Commission on Nomenclature of Organic Chemistry;
Peter A. S. Smith, Convenor of the Working Group
Commission on Physical Organic Chemistry;
Paul Müller, Convenor of the Working Group
This is a glossary of terms used to denote classes of compounds, substituent groups and reactive intermediates, in contrast to individual compounds. The overwhelming majority of the terms refer to organic compounds, but a few classes that may be considered inorganic are included for convenience. The principal criterion for inclusion is that the class be definable by structure.
A class is a set of compounds sharing a common structural feature to which is attached a variable part (or parts) defining a specific compound of the class. The common feature is often a functional group to which one or a small number of variable parts are attached (e.g. aldehydes, ketones). The variable parts are in this glossary represented by hydrocarbyl groups (q.v.). The most simple representation of a class is thus defined. However membership of one class need not exclude membership of another class, and certain substitutions, as e.g. with heterocyclyl groups (q.v.) linked through a carbon atom in the R group, may be allowed. For instance, ethylamine as well as [1-(furan-2-yl)ethyl]amine and (2-methoxyethyl)amine belong to the class amines.

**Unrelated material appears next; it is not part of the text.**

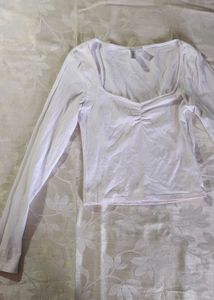 White Long Sleeve Ruched Neck Top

The common feature may also be a sizeable part of the molecular structure, or a repetitive part of the molecular structure, possibly but not necessarily devoid of functionalities (e.g. steroids, terpenoids); quite often the attached variable groups may be many and of any functionality.
Classes defined by use, characteristics, or origin are excluded. Class names that are plurals of systematic names for parent compounds are occasionally cited. Some terms are included that are not actually class names, but are commonly encountered components of class names. These are mostly prefixes, and defining their meanings permits a host of class names beginning with them to be dispensed with.
There is some overlap with other IUPAC documents, especially the 'Glossary of Terms Used in Physical-Organic Chemistry'. Because the viewpoints are sometimes different, the wording of the definitions may in a few cases differ but most are reproduced verbatim.
The recommended class names, which are signalled by an asterisk, respect IUPAC nomenclature as presented in the 'Blue Book' (Nomenclature of Organic Chemistry, Sections A, B, C, D, E, F, and H, 1979 edition), the 'Revised Nomenclature for Radicals, Ions, Radical Ions and Related Species, Recommendations 1992' and A Guide to IUPAC Nomenclature of Organic Chemistry, Recommendations 1993, (including Revisions, Published and hitherto Unpublished, to the 1979 Edition of Nomenclature of Organic Chemistry).
Some class names are explicitly defined in the Blue Book, for others the meaning is implicit. Many more class names are to be found in the chemical literature. A selection of the more important ones appears in this glossary. Some class names occurring mainly in the older literature have been included too. The compilers have considered customary usage and the need for clearly defined limits of meaning. Some compromises were necessary, but the definitions have survived scrutiny by the Commissions and consultants.
Recommended class names carry a reference to an official IUPAC publication. The status of the remaining entries varies from unreserved acceptance to outright rejection. Class names not derived from an official source may carry a reference to other literature (a preference for the cited text over others is not implied). The definition of rejected class names is for information only; reasons for rejection are usually cited or indicated, and a cross-reference to the preferred class name is given.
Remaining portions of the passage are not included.